In mezzo con una voce partecipe, coinvolta, che vuole e sa rendere conto al lettore, ma prima ancora e prima di tutto a se stessa, Zamboni canta la sua terra, le creature che la abitano, gli animali: le mucche – al bésti, il maiale – al nimèl. “Altre razze non ce n’è, per gli uomini della pianura”, scrive. Il Parmigiano Reggiano, “da cui tutto il mondo discende”. Canta il socialismo reggiano del primo novecento, le biciclette e il modo tipicamente reggiano di portare la bici, riporta le parole di Cesare Zavattini che degli emiliani che pedalano dice: I par usei / la gent in bicicleta. Sembrano uccelli.
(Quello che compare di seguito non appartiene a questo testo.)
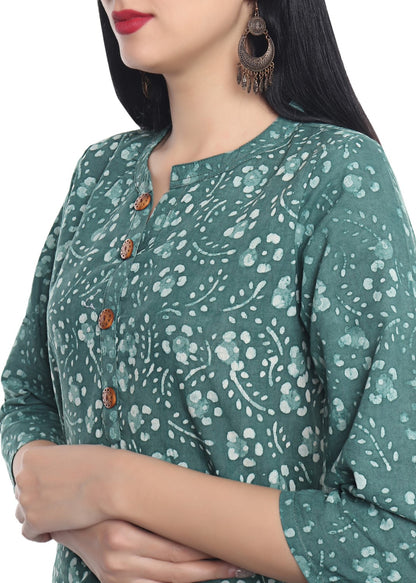 Green Dabu Floral Hand Block Printed Kurti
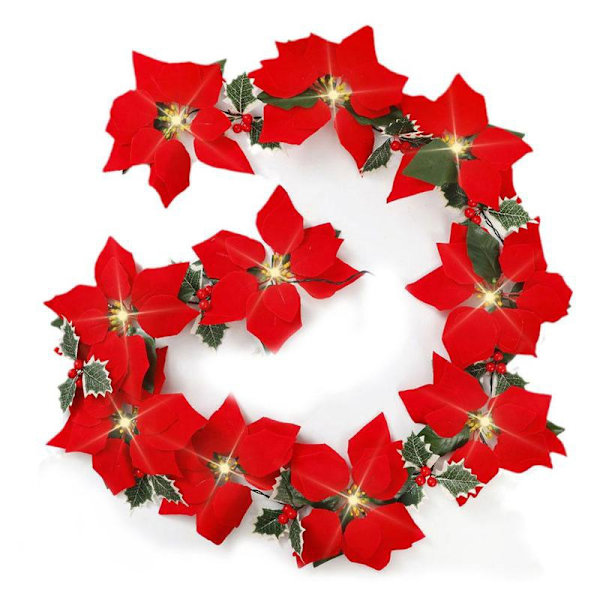 Led Christmas Lights String Safflower Flowers Fruit Leaf Decor red 2m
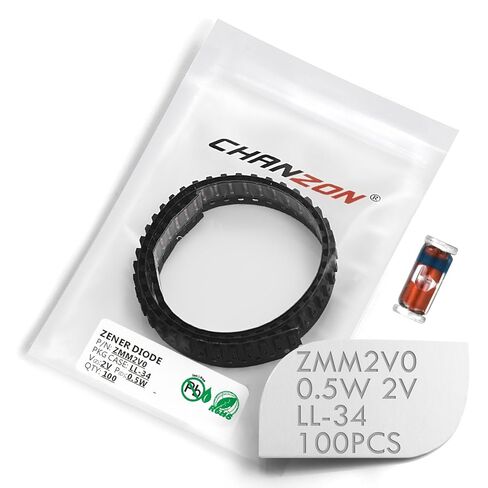 (عبوة من 100 قطعة) صمام ثنائي زينر SMD من شانزون 0.5 وات 2 فولت ZMM2V0 LL-34 (SOD-80 MiniMELF / 1206) 0.5 وات 2 فولت صمامات زينر زجاجية من السيليكون in Saudi Arabia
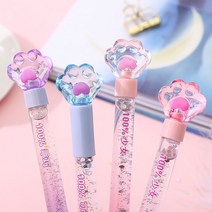 빛나는 고양이 발바닥 볼펜 젤볼펜세트 0.5mm볼펜 검은볼펜 동물볼펜 귀여운볼펜 빛나는볼펜 글리터볼펜, 퍼플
Anche le case sono creature emiliane, possiedono una vita propria come i loro abitanti, le case rurali che si mimetizzano con la terra dove uomini e animali vivevano fianco a fianco, le “porta morta”, con il portico chiuso sul fondo.

Viene scritto il sangue, come sia stato fatto scorrere dalle squadre fasciste, come sia stato il segno riconoscibile dei soprusi, delle schiene bastonate, come ribolliva avido di vendetta, di rivalsa anche nel corpo del nonno di Zamboni, Ulisse, che marciò su Roma per non essere emarginato perché, come tanti altri, reduce dal primo conflitto, queste erano le ragioni, questi erano gli incendi foraggiati da intere famiglie e questi erano gli occhi che hanno ricevuto il dono di guardare la realtà e di comprenderla prima che si rivelasse per quella che davvero era, che sarebbe stata, una giovanissima Marguerite Yourcenar che nel suo viaggio italiano incrocia gli uomini vestiti in nero che marciano chiamati a raccolta da Mussolini nella sua rivoluzione fascista.

Ma il sangue detta anche la discendenza, si tramanda nei cognomi, arriva da lontano, nasce da antiche linee paterne, materne e Zamboni in questo libro lo intercetta seguendone le traiettorie, lo descrive come portatore di ideali che non restano sospesi in una terra di nessuno, inattivi, ma si concretizzano nelle storie di intere famiglie, quelle dei suoni nonni, quella dei Cervi, le cui vicende  in questo libro sono raccontate e sono oggi raccolte nel Museo e nell’Istituto Cervi ai Campi Rossi di Campegine. Infine a chiudere questo complicato mosaico vi sono almeno due consapevolezze in Zamboni: che questo libro sia già scritto in lui e che “il male irrimediabilmente continua a sconfiggere se stesso”.

Nota biografica: Massimo Zamboni è stato chitarrista e compositore dei CCCP, Fedeli Alla Linea e del Consorzio Suonatori Indipendenti (C.S.I.), nel 2004 ha intrapreso la carriera solista, ai suoi album hanno collaborato Nada, Lalli, Marina Parente, Fiamma e Angela Baraldi, nel 2015 torna a suonare con i componenti del Consorzio Suonatori Indipendenti in un progetto che prende il nome di Post-Csi nel quale Giovanni Lindo Ferretti è sostituito da Angela Baraldi, ha scritto colonne sonore per il cinema e ha pubblicato sei libri.